Dissociation between Aryl Hydrocarbon Hydroxylase Activity in Cultured Pulmonary Macrophages and Blood Lymphocytes from Lung Cancer Patients

The in vitro induction of aryl hydrocarbon hydroxylase was measured in pulmonary alveolar macrophages and peripheral blood lymphocytes from 14 cigarette smokers with primary lung cancer and 15 smokers with a variety of nonneoplastic pulmonary diseases. Enzyme levels were measured in cells cultured with or without the inducer benzathracene. For both induced and noninduced cultures, there were no differences in mean levels of cultured macrophage or lymphocyte enzyme activity between noncancer and lung cancer patients.

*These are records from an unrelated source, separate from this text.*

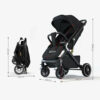 Umbrella stroller X7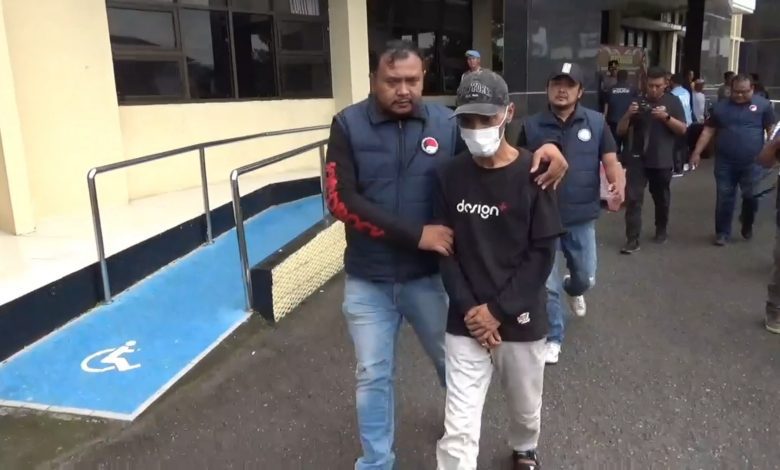 Oknum Kades di Sumedang Diciduk Polisi Usai Terbukti Konsumsi Sabu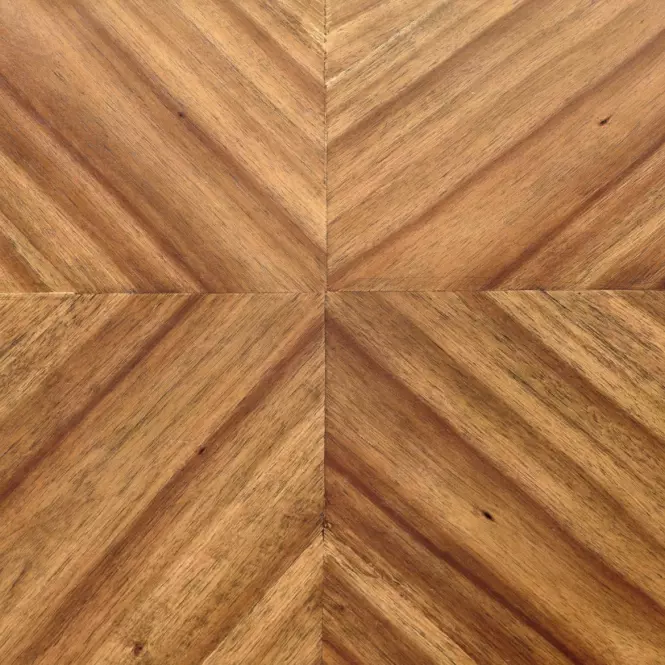 Asztal Locarno 170 Mdf/Acél – Dió/Fekete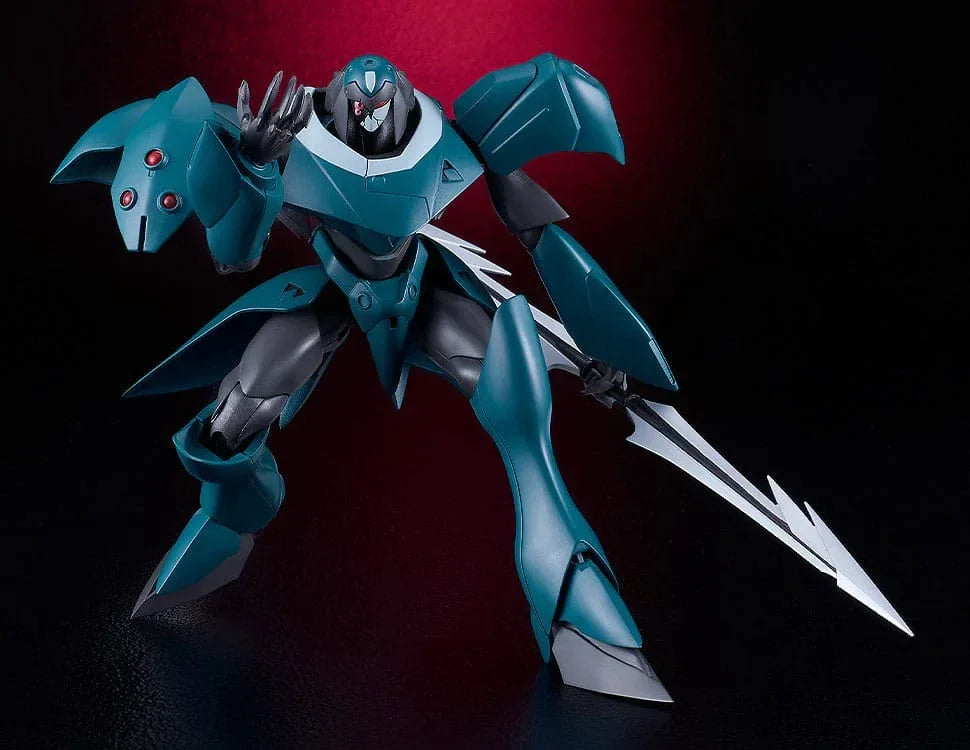 Starknight Tekkaman Blade Moderoid Plastmodellkit 2-Pack Tekkaman Dagger & Tekkaman Axe Good Smile Company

Absolute levels and fold induction of aryl hydrocarbon hydroxylase in cultured macrophages and lymphocytes from individual noncancer patients were positively correlated [noninduced (r=0.640, p<0.04), induced (r=0.801, p<0.001), and fold induction (r=0.942, p<0.001)]. However, comparison of these values in cultured macrophages and lymphocytes from individual lung cancer patients demonstrated no positive correlation [noninduced (r=0.083, p>0.3), induced (r=0.306, p>0.3), and fold induction (r=-0.625, p<0.02)]. Comparison of enzyme activity in macrophages freshly lavaged from the lung and benzanthracene-induced activity in cultures macrophages revealed a positive correlation for both noncancer (r=0.865, p<0.005) and lung cancer (r=0.971; p<0.001) patients. Similarly, comparison of enzyme activity in fresh macrophages and fold induction values in cultured macrophages was also well correlated for both groups of patients (r=0.876, p<0.001 for non-cancer patients; r=0.908, p<0.001 for lung cancer patients). Multivariant analysis of enzyme characteristics in several tissues may be useful in lung cancer diagnosis and in assessment of lung cancer risk. However, the use of a single tissue such as lymphocytes for evaluation of the relationship between aryl hydrocarbon hydroxylase activity and cancer susceptibility is questionable.